This critical challenge helps students recognize how the past contributes to their sense of identity by introducing the notion of memories and by inviting them to identify a powerful family memory. Introduce the activity by asking students to explain what memories are and discussing the various features of memories (e.g., positive/negative, happy/frightening, clear/vague). Read aloud a story such as Wilfred Gordon McDonald Partridge, by Mem Fox, or a similar story that focuses on memories. In Wilfred Gordon McDonald Partridge, Miss Nancy and a boy named Wilfred Gordon are good friends. Miss Nancy, who lives in a seniors' home, "loses her memory" and Wilfred tries to discover what memories are so he can help her find her memory. Discuss the different memories in the book and classify them into categories such as happy or sad and funny or scary. Ask if some memories might be more important than others and what makes them so powerful. Develop criteria for powerful memories such as "clearest", "hardest to forget", "biggest effect on personal life."

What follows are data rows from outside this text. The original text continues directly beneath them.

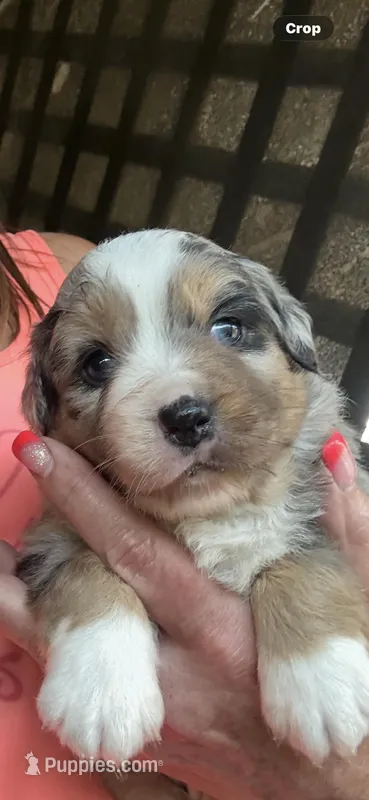 Aussie f 2 – Australian Shepherd puppy for sale in Chiefland, FL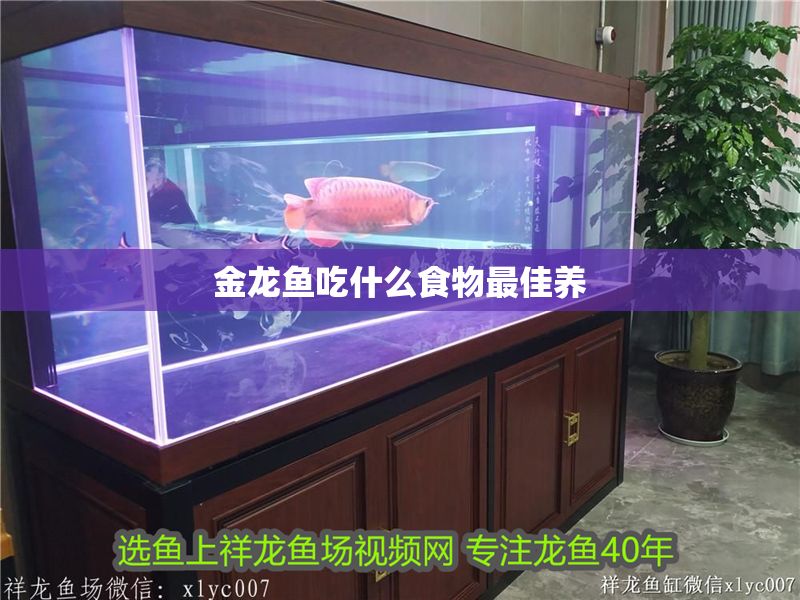 金龍魚吃什么食物最佳養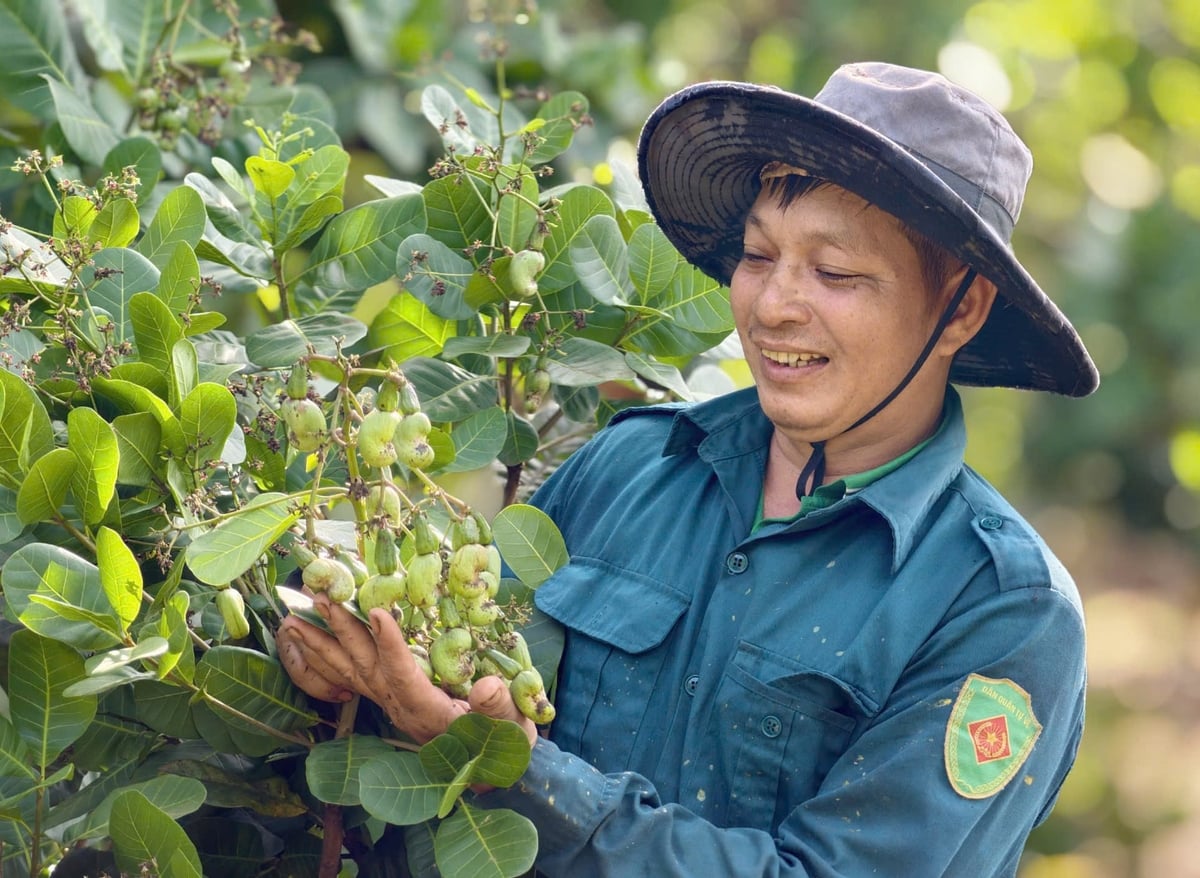 A cashew orchard in Dong Nai. Photo: Son Trang. A cashew orchard in Dong Nai. Photo: Son Trang.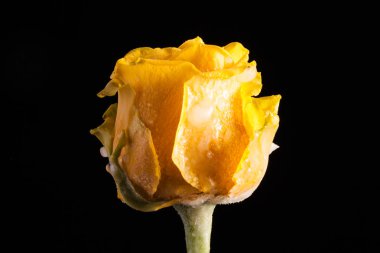 Siyah bir arka plan güzel Sarı Lale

Encourage students to think of some of their happiest memories. Invite students to recall a range of strong positive memories associated in four categories:
- people (e.g., grandparents, aunts, family friends) who created a positive feeling,
- special activities or events (e.g., cherished celebrations and traditions),
- unique places (e.g., a cozy spot, a favoured destination),
- things (e.g., a favourite book, an inseparable toy).
From these, ask students to select the most powerful memory. Invite students to illustrate this memory and, when sharing their illustrations with the class, refer to the criteria to explain why this memory is so powerful. See Identifying Family Memories (Modelling the Tools) for detailed suggestions on how to teach and assess the tools for thoughtful consideration of students' family memories.